Sentados à beira do fogo, observamos os cozinheiros voluntários nos preparativos para a refeição da noite. Após alguma discordância sobre o método certo de preparar camarões no bafo, alguém tomou a dianteira e optou por prepará-los na panela de ferro, no interior da cabana. Outra assume a tarefa de fritar os filés de traíra na frigideira colocada sobre a trempe, em cima das toras de eucalipto, que lançam labaredas alegres, das quais nossos olhos não conseguem se afastar.
Num acampamento, sobra serviço para todos, normalmente (quem não trabalha, não é bem-vindo), mas essa é a hora gostosa em que as lembranças brotam atiçadas pela caipirinha e pelo céu estrelado, onde a lua crescente parece pedir desculpas por não estar grávida, como a mulher que descansa a mão sobre a barriga, onde cresce o segundo filho. Ou será filha?
Chegam os camarões, deliciosos e enormes. A menina descobre, no céu, as Três Marias; pergunta se aquele barulho foi o corujão. A sineta toca, o homem corre a ver se há peixe na linha. Na volta, anuncia que, amanhã, se todos aprovarem, preparará fettucine com camarões. Diante do interesse geral em que continue a mostrar suas conhecidas habilidades, conta a primeira experiência como cozinheiro, em outra pescaria, quando adolescente. Fracasso total, principalmente pela idéia de estrear uma panela que herdara do irmão, sem saber que estava furada, por isso o arroz nunca ficava pronto e terminou sendo comido cru, tal a fome.
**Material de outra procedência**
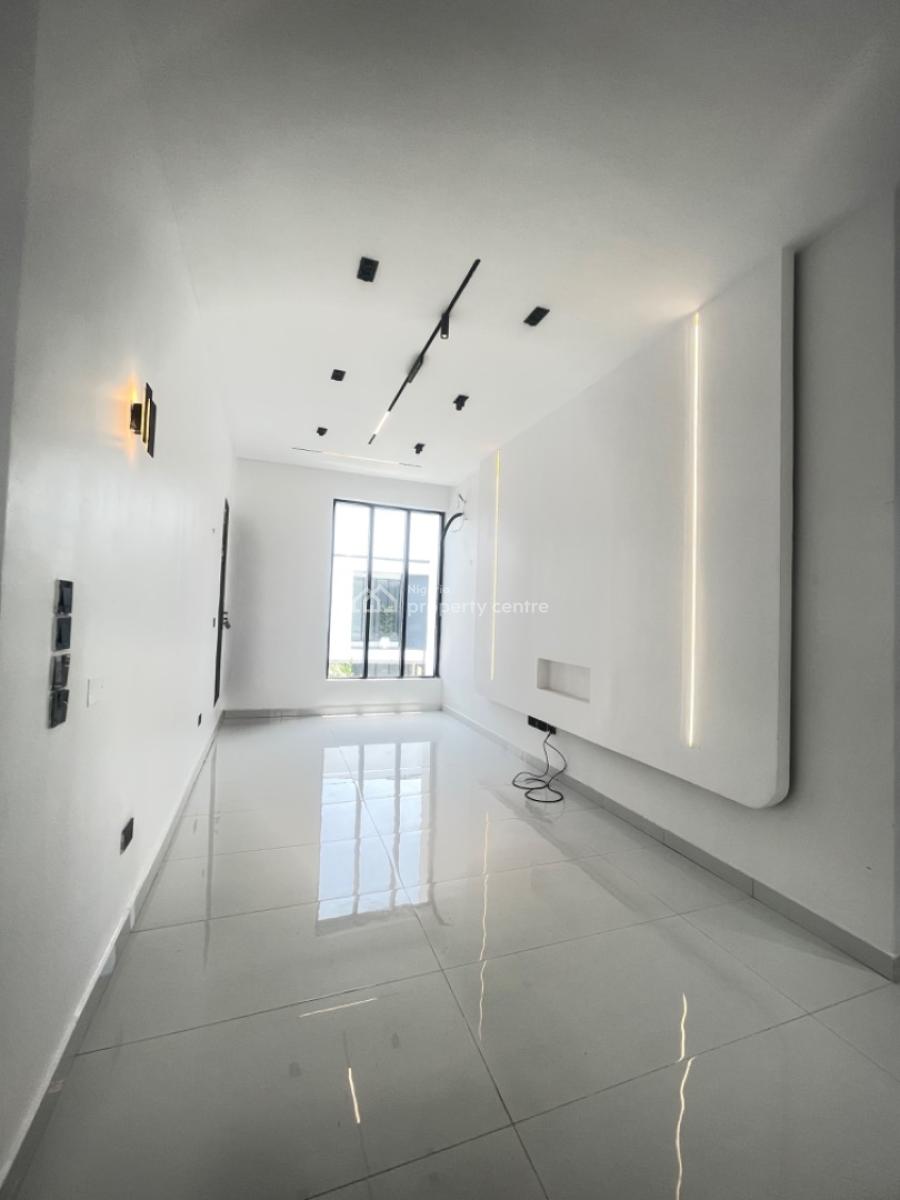 Luxury 5 Bedroom Terraced Duplex and 1 Bq, Lekki, Lagos, Detached Duplex for Sale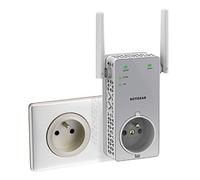 NETGEAR AC750 Émetteur réseau Gris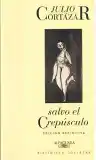 Cover of Salvo el crepúsculo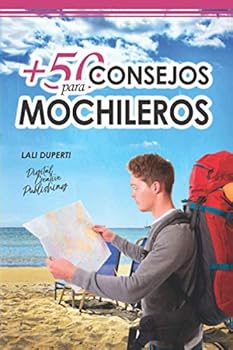 Paperback +50 Consejos para mochileros (Spanish Edition) [Spanish] Book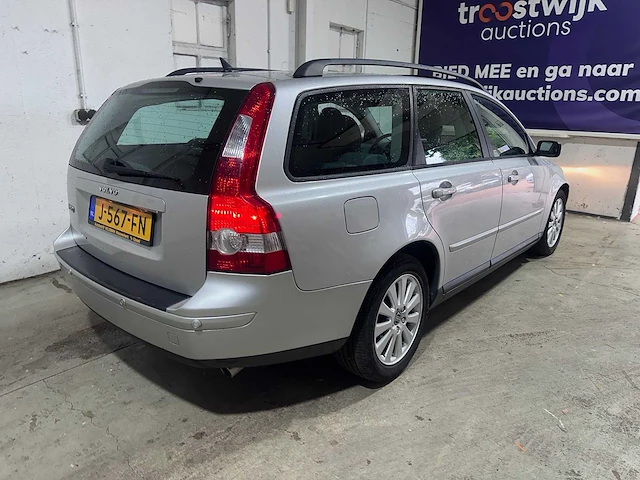 Volvo - v50 - 2.5 t5 automaat summum - j-567-fn - afbeelding 19 van  23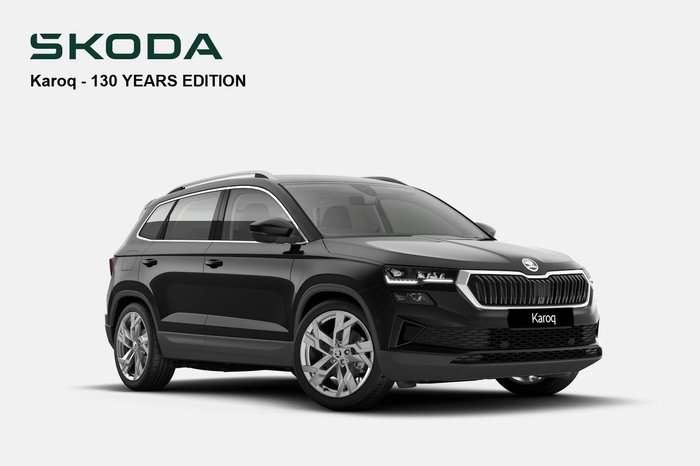 2025 SKODA Karoq 110TSI 130 Years Edition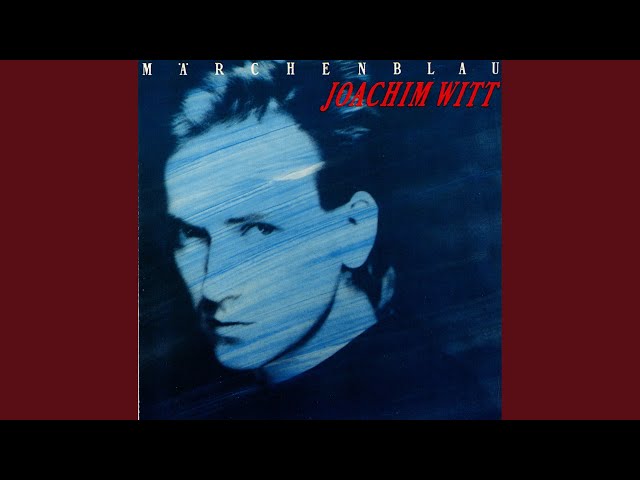 Joachim Witt - Rhythmus Im Blut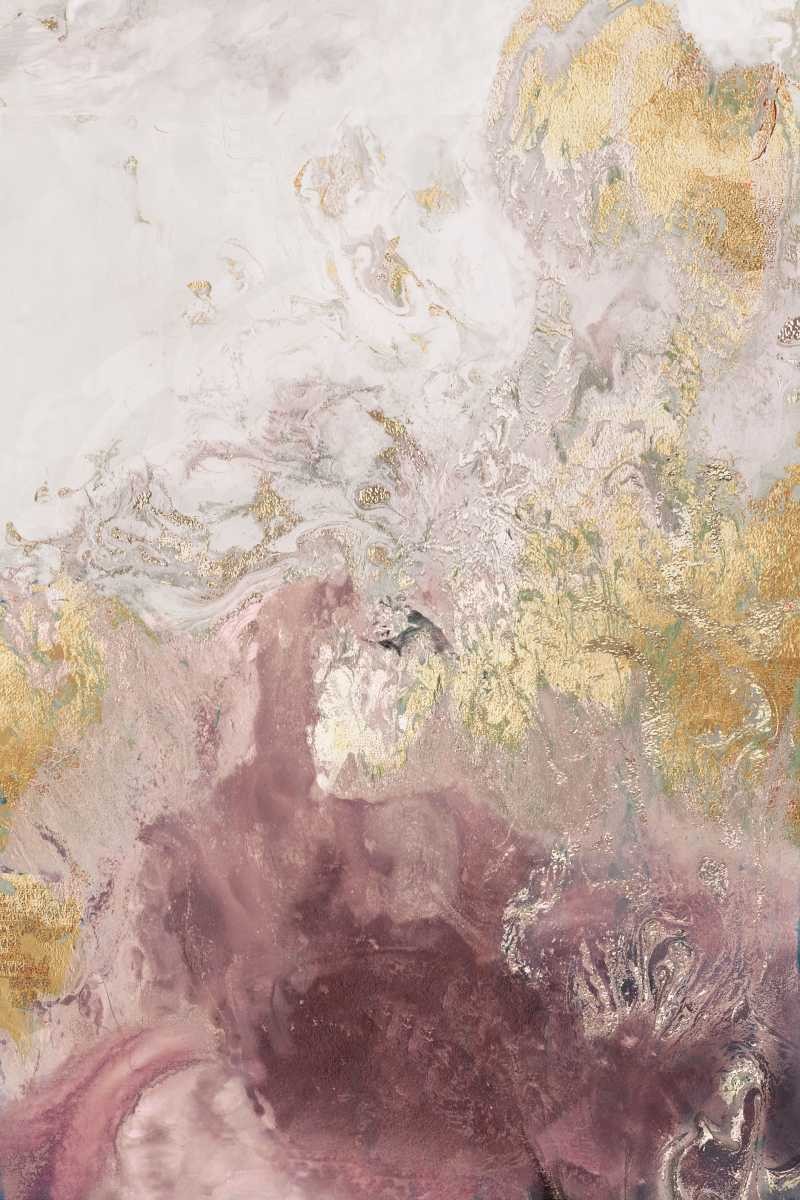 PI Studio - Ocean Splash II Burgundy Version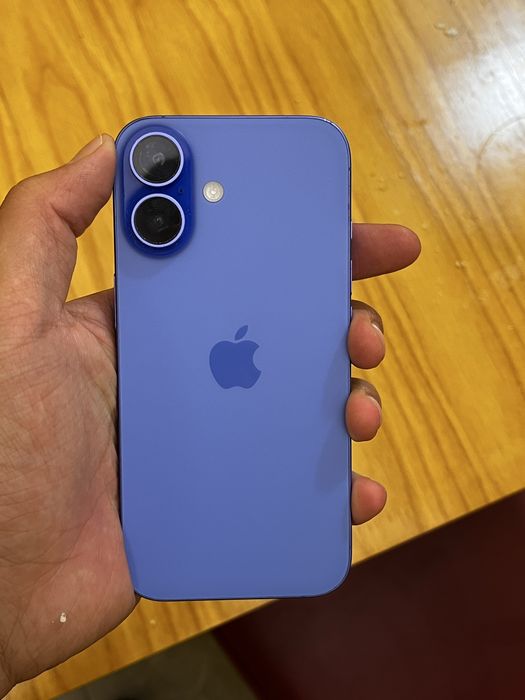 iPhone 16 256gb 85%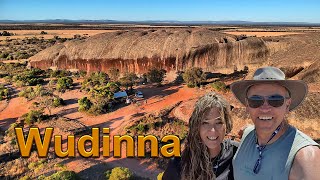 Wudinna Don’t Skip This Spot The Other Uluru South Australia [upl. by Adila]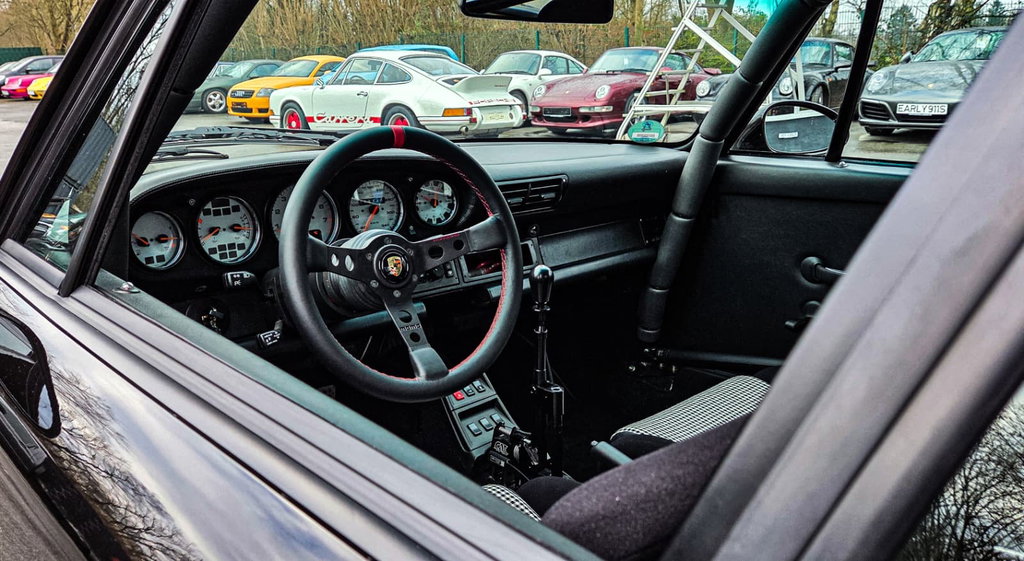 Porsche 993 Turbo WLS 1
Neste Carnaval de 2011, alguns amigos foram para Punta Del Este, outros para a praia do Cassino, muitos optaram por permanecer em Pelotas, alguém foi ver ao vivo as escolas de samba do Rio de janeiro, houve quem resolvesse estender as férias em Guaratuba. Tantas opções. Após algum tempo de trégua, em virtude dos inúmeros acampamentos anteriores prejudicados por chuvas torrenciais, voltamos ao programa preferido, no Carnaval: acampar a beira da barragem, a poucos quilômetros de casa. Programa que facilita a atividade masculina, os homens continuamente se ausentando para acompanhar o ritmo da colheita do arroz, o movimento dos caminhões transportando a safra para os engenhos, os fardos de feno sendo preparados, a chegada do graneleiro novo. Carnaval em março coincide com a colheita.
Desde que, antes dos filhos nascerem, começamos a freqüentar o açude que fornece a água para o arroz, com a praia de areia e o grande mato de eucaliptos, passaram-se muitos anos. Na simplicidade de inúmeros acampamentos, amizades e amores se fortaleceram. Mas acampamento é programa pra quem aprecia a natureza, o convívio simples, as brincadeiras sem malicia, a semeadura de lembranças felizes. Momentos bons que devem ser cultivados, antes que a vida nos pregue alguma surpresa. Como as chuvas de marco que enfim chegaram, trazendo a tragédia a vizinha cidade de São Lourenço. Vidas e amores preciosos levados pelas águas, na enxurrada inesperada. Outros perderam bens materiais, duramente conquistados. Para todos, nesse momento de dor e espanto, sobram as lembranças armazenadas. Do fundo do coração, desejo que sejam muitas e que delas brote a força para sobreviver.